Speaking at the Microsoft India Development Center in Noida on November 11, Yellen, on her first visit to the country as the treasury secretary, said the world had been overly dependent for too long on "risky countries" for critical inputs.
"Take Russian energy exports. Russia has long presented itself as a reliable energy partner. But for the better part of this year, (Vladimir) Putin has weaponised Russia's natural gas supply against the people of Europe. It's an example of how malicious actors can use their market positions to try to gain geopolitical leverage which disrupt trade for their own gains," Yellen said.
In recent months, India's purchase of Russian oil has faced scrutiny in the West, with New Delhi remaining firm that the move is in the national interest and the government has a responsibility towards consumers as inflation soars.
"United States is pursuing an approach called 'friend-shoring' to diversify away from countries that present geopolitical and security risks to our supply chains. To do so, we are proactively deepening economic integration with trusted trading partners like India," she added.
Yellen is in New Delhi to participate in the US-India Economic and Financial Partnership. Later in the day, she will hold a bilateral meeting with Finance Minister Nirmala Sitharaman and also interact with executives from major Indian and American companies operating in the country.
Sitharaman and Yellen are expected to issue a joint statement on the Economic and Financial Partnership dialogue.
Also read: India's trade deficit with Russia rises a whopping 674% in H1 on discounted oil buys
The visit comes at a time when India's trade with Russia has grown, especially oil imports. The Russian invasion of Ukraine in late February led to a surge in global commodity and energy prices as the West punished Moscow with a string of sanctions.

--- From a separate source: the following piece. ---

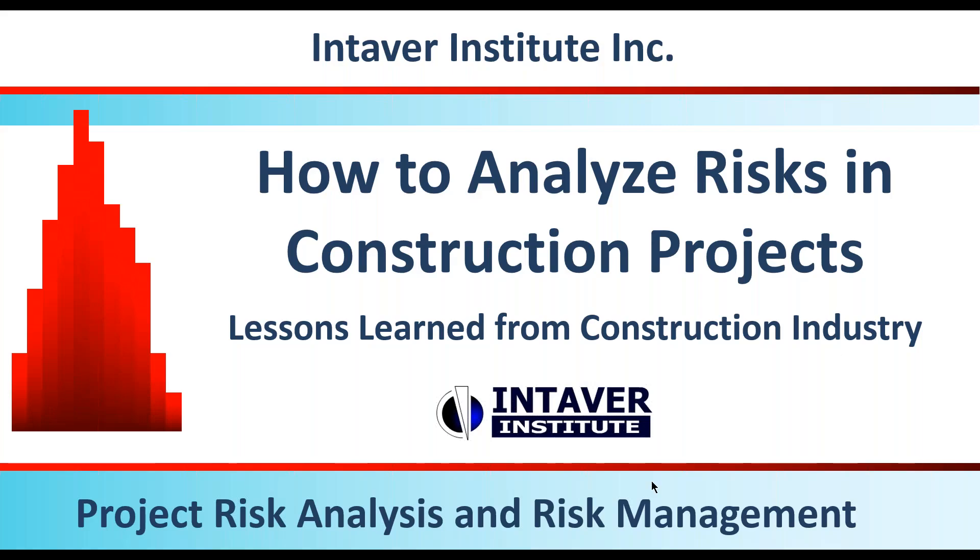This conference will now be recorded. Good morning, everyone. Welcome to our new and regular attendees to our webinar, How to Analyze Risk in Construction Projects.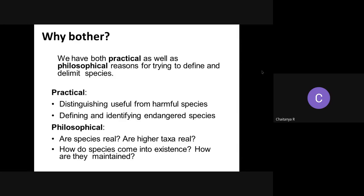Why do we have to bother with species delimitation? There are practical reasons. If we do delimitations right, we can tell useful species from harmful species, which is very essential for our survival as human beings. We can also define and identify potentially endangered or threatened species and try to save them from going extinct. Delimiting species is the bedrock of conservation itself. There are philosophical reasons too, but we'll stick to the practical ones.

India, which meets more than 80 percent of its energy needs through imports, has taken advantage of Russian oil, available at a discount, and become its second largest buyer after China.
While the increased purchases of Russian oil by India has reportedly left US President Joe Biden's administration disappointed, India has defended its actions saying it has to do right by its citizens and provide cheap fuel.
Plans are also afoot to enforce a "price cap" on Russian oil, with Yellen saying earlier this week that India would benefit from the proposed cap.
Speaking on the US' friend-shoring agenda at the Microsoft research facility, Yellen also took a dig at China, saying the world's largest economy was also taking steps to reduce its reliance on manufacturers "whose approaches clash with our human rights values".
"We are also seeing signs that Western firms are diversifying their supply chains beyond China. Technology companies like Amazon and Google are investing in India and Vietnam. Apple recently announced that it will be shifting some iPhone manufacturing from China to India. The United States will continue to deepen our business and commercial ties with India as we pursue our friend-shoring agenda," she said.
Commenting on India's upcoming G-20 presidency, the former US central banker said India would have full support of her country.
"A successful Indian presidency is indispensable to our global economic recovery and sustained progress on our deepest problems," she added.